HERBERT (9/12/09): What’s missing from all the talk about reform is how the runaway costs of health care, and all the dire consequences associated with them, can be reined in without a strong public insurance option and other big-time cost-saving initiatives.

If the government requires everyone—or nearly everyone—to have health insurance, the insurance companies and the pharmaceutical industry will reap a bonanza. What the Democrats still have to make clear to ordinary working men and women is how this latest incarnation of health care reform will be cost effective and broadly beneficial to them and to their government.

What’s missing is talk about “how the runaway costs of health care...can be reined in?” That’s like saying the Mets have a very good team this year—except for the lack of pitchers, catchers, shortstops, third basemen and all outfielders.
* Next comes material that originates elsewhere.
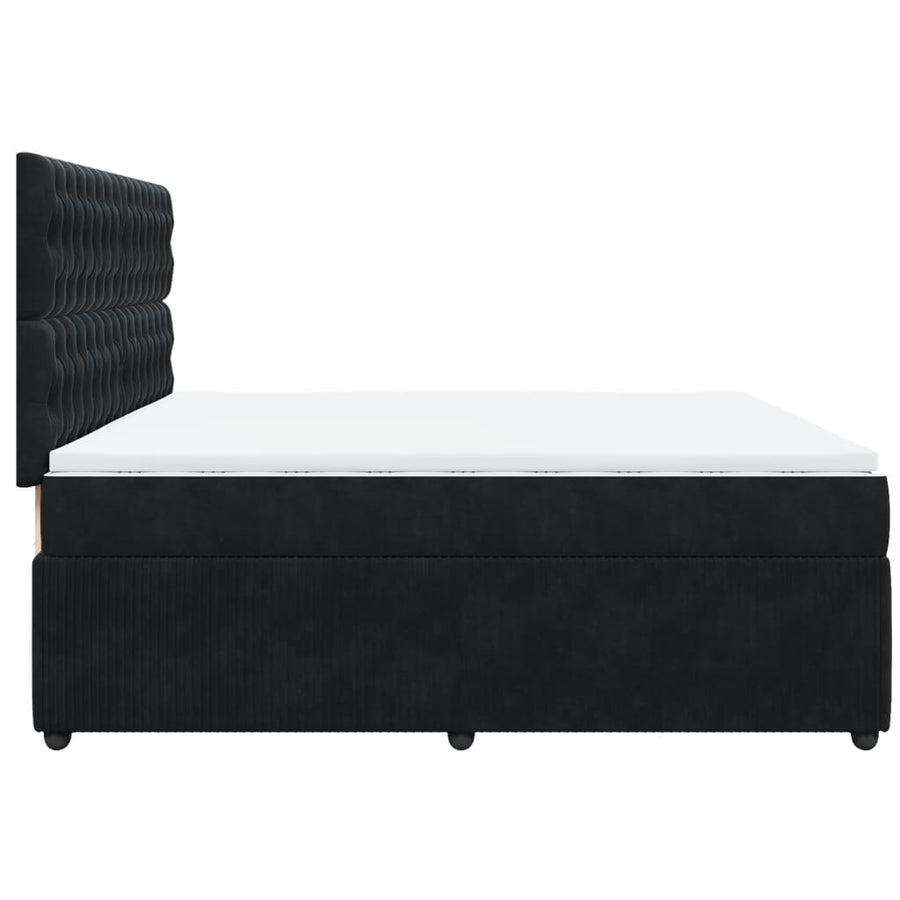 Boxspring met matras fluweel zwart 200x200 cm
By the way” How can we “rein in” those massive costs with a public option? Has anyone ever really explained that?

We spend twice as much as France does—three times as much as Japan! Obama made no attempt to explain why that situation obtains, or to say how he plans to fix it. He rattled off many devastations caused by this vast amount of spending—then set an utterly clownish goal for reining this spending in. But Rich, fawning and preening as always, declared it “his latest brilliant speech.” At one point, the powdered wig flew right off his head, so energetically did the courtier cheer.

In a rational world, you would go to the Times op-ed page to see such basic matters assessed. But let’s discuss the actual world—the low-IQ world we live in. This weekend, we followed two days in the life. As always, the Gotham greats failed.